Research Program in Systems Oncology, Research Programs Unit, Faculty of Medicine, University of Helsinki, 00014 Helsinki, Finland.
Research Center for Cancer, Infections and Immunity, Institute of Biomedicine, University of Turku, Turku 20014, Finland.
Bioinformatics. 2020 Dec 22;36(20):5086-5092. doi: 10.1093/bioinformatics/btaa637.
Non-parametric dimensionality reduction techniques, such as t-distributed stochastic neighbor embedding (t-SNE), are the most frequently used methods in the exploratory analysis of single-cell datasets. Current implementations scale poorly to massive datasets and often require downsampling or interpolative approximations, which can leave less-frequent populations undiscovered and much information unexploited.

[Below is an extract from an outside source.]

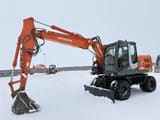 2010 Hitachi Zaxis 140W wheel excavator, side profile view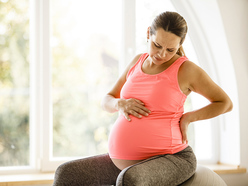 woman in early labour sitting on a birth ball and rubbing her back and belly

We implemented a fast t-SNE package, qSNE, which uses a quasi-Newton optimizer, allowing quadratic convergence rate and automatic perplexity (level of detail) optimizer. Our results show that these improvements make qSNE significantly faster than regular t-SNE packages and enables full analysis of large datasets, such as mass cytometry data, without downsampling.

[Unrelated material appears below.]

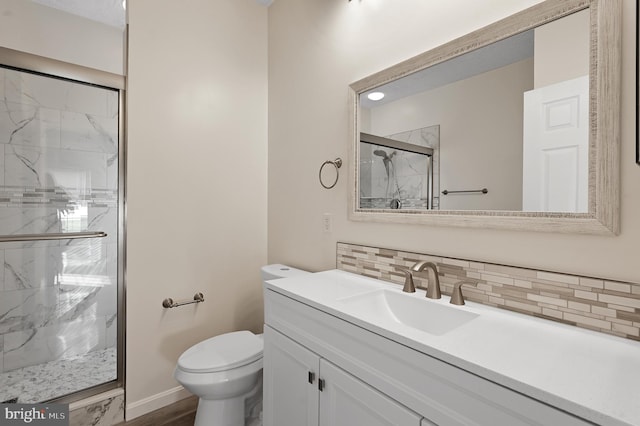 bathroom with vanity, toilet, a shower with shower door, and backsplash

Source code and documentation are openly available at https://bitbucket.org/anthakki/qsne/.
Supplementary data are available at Bioinformatics online.
非参数降维技术,如 t 分布随机邻域嵌入(t-SNE),是单细胞数据集探索性分析中最常用的方法。当前的实现方法在大规模数据集上的扩展效果不佳,通常需要下采样或插值近似,这可能会导致较少出现的群体未被发现,并且大量信息未被利用。
我们实现了一个快速的 t-SNE 包 qSNE,它使用拟牛顿优化器,允许二次收敛速度和自动困惑度(详细程度)优化器。我们的结果表明,这些改进使得 qSNE 明显快于常规的 t-SNE 包,并能够对大型数据集(如质谱细胞术数据)进行完整分析,而无需下采样。
源代码和文档可在 https://bitbucket.org/anthakki/qsne/ 上公开获取。
补充数据可在生物信息学在线获得。